=== Brief descriptive captions ===
--- START ---

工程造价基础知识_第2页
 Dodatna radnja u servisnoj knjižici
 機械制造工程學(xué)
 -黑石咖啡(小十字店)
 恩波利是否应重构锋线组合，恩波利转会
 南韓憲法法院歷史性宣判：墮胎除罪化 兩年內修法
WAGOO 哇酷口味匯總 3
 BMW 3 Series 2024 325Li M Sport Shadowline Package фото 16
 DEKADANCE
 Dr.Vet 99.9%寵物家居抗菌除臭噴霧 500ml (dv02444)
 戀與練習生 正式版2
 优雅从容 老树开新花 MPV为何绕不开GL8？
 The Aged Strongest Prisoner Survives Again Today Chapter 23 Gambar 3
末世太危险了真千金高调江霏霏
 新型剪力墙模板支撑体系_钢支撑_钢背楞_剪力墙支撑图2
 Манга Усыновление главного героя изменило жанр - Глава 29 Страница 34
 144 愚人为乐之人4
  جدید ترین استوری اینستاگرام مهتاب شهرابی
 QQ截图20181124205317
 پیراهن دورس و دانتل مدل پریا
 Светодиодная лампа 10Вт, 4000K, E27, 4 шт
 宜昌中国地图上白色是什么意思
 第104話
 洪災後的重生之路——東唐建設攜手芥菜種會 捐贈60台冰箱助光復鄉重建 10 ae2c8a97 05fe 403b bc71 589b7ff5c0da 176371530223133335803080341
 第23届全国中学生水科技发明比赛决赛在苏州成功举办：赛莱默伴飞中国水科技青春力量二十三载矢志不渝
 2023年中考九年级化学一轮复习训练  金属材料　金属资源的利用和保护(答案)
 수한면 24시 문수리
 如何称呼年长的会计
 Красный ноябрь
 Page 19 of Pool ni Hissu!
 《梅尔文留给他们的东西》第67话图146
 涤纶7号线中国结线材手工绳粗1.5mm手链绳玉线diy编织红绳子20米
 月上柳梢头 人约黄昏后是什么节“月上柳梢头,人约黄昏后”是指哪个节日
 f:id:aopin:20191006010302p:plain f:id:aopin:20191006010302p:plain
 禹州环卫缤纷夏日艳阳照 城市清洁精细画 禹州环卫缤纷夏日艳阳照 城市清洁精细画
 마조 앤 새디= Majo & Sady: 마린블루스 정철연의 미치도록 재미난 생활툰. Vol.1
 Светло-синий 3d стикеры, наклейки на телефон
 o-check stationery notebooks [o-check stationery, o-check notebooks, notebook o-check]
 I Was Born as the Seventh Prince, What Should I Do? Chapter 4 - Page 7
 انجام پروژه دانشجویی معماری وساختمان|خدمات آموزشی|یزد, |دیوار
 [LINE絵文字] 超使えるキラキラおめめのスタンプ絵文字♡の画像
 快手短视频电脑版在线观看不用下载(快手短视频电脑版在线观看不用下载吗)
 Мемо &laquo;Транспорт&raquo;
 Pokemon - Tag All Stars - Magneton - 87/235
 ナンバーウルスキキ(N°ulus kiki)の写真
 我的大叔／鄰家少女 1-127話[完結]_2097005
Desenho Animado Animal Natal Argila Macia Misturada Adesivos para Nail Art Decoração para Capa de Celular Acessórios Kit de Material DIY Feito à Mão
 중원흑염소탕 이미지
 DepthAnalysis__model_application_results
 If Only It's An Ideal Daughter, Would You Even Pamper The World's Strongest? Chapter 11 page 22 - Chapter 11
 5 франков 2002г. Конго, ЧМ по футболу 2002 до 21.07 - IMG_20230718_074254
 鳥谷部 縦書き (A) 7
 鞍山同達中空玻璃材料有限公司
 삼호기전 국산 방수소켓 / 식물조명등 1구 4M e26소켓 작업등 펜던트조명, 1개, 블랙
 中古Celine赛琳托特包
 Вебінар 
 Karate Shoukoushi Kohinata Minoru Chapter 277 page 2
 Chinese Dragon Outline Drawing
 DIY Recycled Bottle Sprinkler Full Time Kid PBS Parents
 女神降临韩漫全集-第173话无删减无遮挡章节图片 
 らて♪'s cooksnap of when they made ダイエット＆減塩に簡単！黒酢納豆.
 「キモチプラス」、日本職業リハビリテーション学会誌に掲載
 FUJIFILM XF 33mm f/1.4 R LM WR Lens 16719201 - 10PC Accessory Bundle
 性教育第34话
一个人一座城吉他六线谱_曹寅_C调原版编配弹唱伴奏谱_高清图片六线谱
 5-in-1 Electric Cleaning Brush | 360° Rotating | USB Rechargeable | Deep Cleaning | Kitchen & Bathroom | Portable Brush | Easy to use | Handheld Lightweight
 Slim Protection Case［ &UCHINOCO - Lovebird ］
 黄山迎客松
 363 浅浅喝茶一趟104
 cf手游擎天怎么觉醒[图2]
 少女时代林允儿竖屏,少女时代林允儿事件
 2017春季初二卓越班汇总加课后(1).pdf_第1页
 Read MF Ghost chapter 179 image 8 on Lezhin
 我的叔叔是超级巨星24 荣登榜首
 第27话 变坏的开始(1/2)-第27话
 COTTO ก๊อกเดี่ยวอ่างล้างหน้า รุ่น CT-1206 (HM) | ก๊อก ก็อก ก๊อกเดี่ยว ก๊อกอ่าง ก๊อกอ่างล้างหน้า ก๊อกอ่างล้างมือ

--- END ---

=== Exercise ===
Return all of the data word for word.

=== Exercise output ===
工程造价基础知识_第2页
 Dodatna radnja u servisnoj knjižici
 機械制造工程學(xué)
 -黑石咖啡(小十字店)
 恩波利是否应重构锋线组合，恩波利转会
 南韓憲法法院歷史性宣判：墮胎除罪化 兩年內修法
WAGOO 哇酷口味匯總 3
 BMW 3 Series 2024 325Li M Sport Shadowline Package фото 16
 DEKADANCE
 Dr.Vet 99.9%寵物家居抗菌除臭噴霧 500ml (dv02444)
 戀與練習生 正式版2
 优雅从容 老树开新花 MPV为何绕不开GL8？
 The Aged Strongest Prisoner Survives Again Today Chapter 23 Gambar 3
末世太危险了真千金高调江霏霏
 新型剪力墙模板支撑体系_钢支撑_钢背楞_剪力墙支撑图2
 Манга Усыновление главного героя изменило жанр - Глава 29 Страница 34
 144 愚人为乐之人4
  جدید ترین استوری اینستاگرام مهتاب شهرابی
 QQ截图20181124205317
 پیراهن دورس و دانتل مدل پریا
 Светодиодная лампа 10Вт, 4000K, E27, 4 шт
 宜昌中国地图上白色是什么意思
 第104話
 洪災後的重生之路——東唐建設攜手芥菜種會 捐贈60台冰箱助光復鄉重建 10 ae2c8a97 05fe 403b bc71 589b7ff5c0da 176371530223133335803080341
 第23届全国中学生水科技发明比赛决赛在苏州成功举办：赛莱默伴飞中国水科技青春力量二十三载矢志不渝
 2023年中考九年级化学一轮复习训练  金属材料　金属资源的利用和保护(答案)
 수한면 24시 문수리
 如何称呼年长的会计
 Красный ноябрь
 Page 19 of Pool ni Hissu!
 《梅尔文留给他们的东西》第67话图146
 涤纶7号线中国结线材手工绳粗1.5mm手链绳玉线diy编织红绳子20米
 月上柳梢头 人约黄昏后是什么节“月上柳梢头,人约黄昏后”是指哪个节日
 f:id:aopin:20191006010302p:plain f:id:aopin:20191006010302p:plain
 禹州环卫缤纷夏日艳阳照 城市清洁精细画 禹州环卫缤纷夏日艳阳照 城市清洁精细画
 마조 앤 새디= Majo & Sady: 마린블루스 정철연의 미치도록 재미난 생활툰. Vol.1
 Светло-синий 3d стикеры, наклейки на телефон
 o-check stationery notebooks [o-check stationery, o-check notebooks, notebook o-check]
 I Was Born as the Seventh Prince, What Should I Do? Chapter 4 - Page 7
 انجام پروژه دانشجویی معماری وساختمان|خدمات آموزشی|یزد, |دیوار
 [LINE絵文字] 超使えるキラキラおめめのスタンプ絵文字♡の画像
 快手短视频电脑版在线观看不用下载(快手短视频电脑版在线观看不用下载吗)
 Мемо &laquo;Транспорт&raquo;
 Pokemon - Tag All Stars - Magneton - 87/235
 ナンバーウルスキキ(N°ulus kiki)の写真
 我的大叔／鄰家少女 1-127話[完結]_2097005
Desenho Animado Animal Natal Argila Macia Misturada Adesivos para Nail Art Decoração para Capa de Celular Acessórios Kit de Material DIY Feito à Mão
 중원흑염소탕 이미지
 DepthAnalysis__model_application_results
 If Only It's An Ideal Daughter, Would You Even Pamper The World's Strongest? Chapter 11 page 22 - Chapter 11
 5 франков 2002г. Конго, ЧМ по футболу 2002 до 21.07 - IMG_20230718_074254
 鳥谷部 縦書き (A) 7
 鞍山同達中空玻璃材料有限公司
 삼호기전 국산 방수소켓 / 식물조명등 1구 4M e26소켓 작업등 펜던트조명, 1개, 블랙
 中古Celine赛琳托特包
 Вебінар 
 Karate Shoukoushi Kohinata Minoru Chapter 277 page 2
 Chinese Dragon Outline Drawing
 DIY Recycled Bottle Sprinkler Full Time Kid PBS Parents
 女神降临韩漫全集-第173话无删减无遮挡章节图片 
 らて♪'s cooksnap of when they made ダイエット＆減塩に簡単！黒酢納豆.
 「キモチプラス」、日本職業リハビリテーション学会誌に掲載
 FUJIFILM XF 33mm f/1.4 R LM WR Lens 16719201 - 10PC Accessory Bundle
 性教育第34话
一个人一座城吉他六线谱_曹寅_C调原版编配弹唱伴奏谱_高清图片六线谱
 5-in-1 Electric Cleaning Brush | 360° Rotating | USB Rechargeable | Deep Cleaning | Kitchen & Bathroom | Portable Brush | Easy to use | Handheld Lightweight
 Slim Protection Case［ &UCHINOCO - Lovebird ］
 黄山迎客松
 363 浅浅喝茶一趟104
 cf手游擎天怎么觉醒[图2]
 少女时代林允儿竖屏,少女时代林允儿事件
 2017春季初二卓越班汇总加课后(1).pdf_第1页
 Read MF Ghost chapter 179 image 8 on Lezhin
 我的叔叔是超级巨星24 荣登榜首
 第27话 变坏的开始(1/2)-第27话
 COTTO ก๊อกเดี่ยวอ่างล้างหน้า รุ่น CT-1206 (HM) | ก๊อก ก็อก ก๊อกเดี่ยว ก๊อกอ่าง ก๊อกอ่างล้างหน้า ก๊อกอ่างล้างมือ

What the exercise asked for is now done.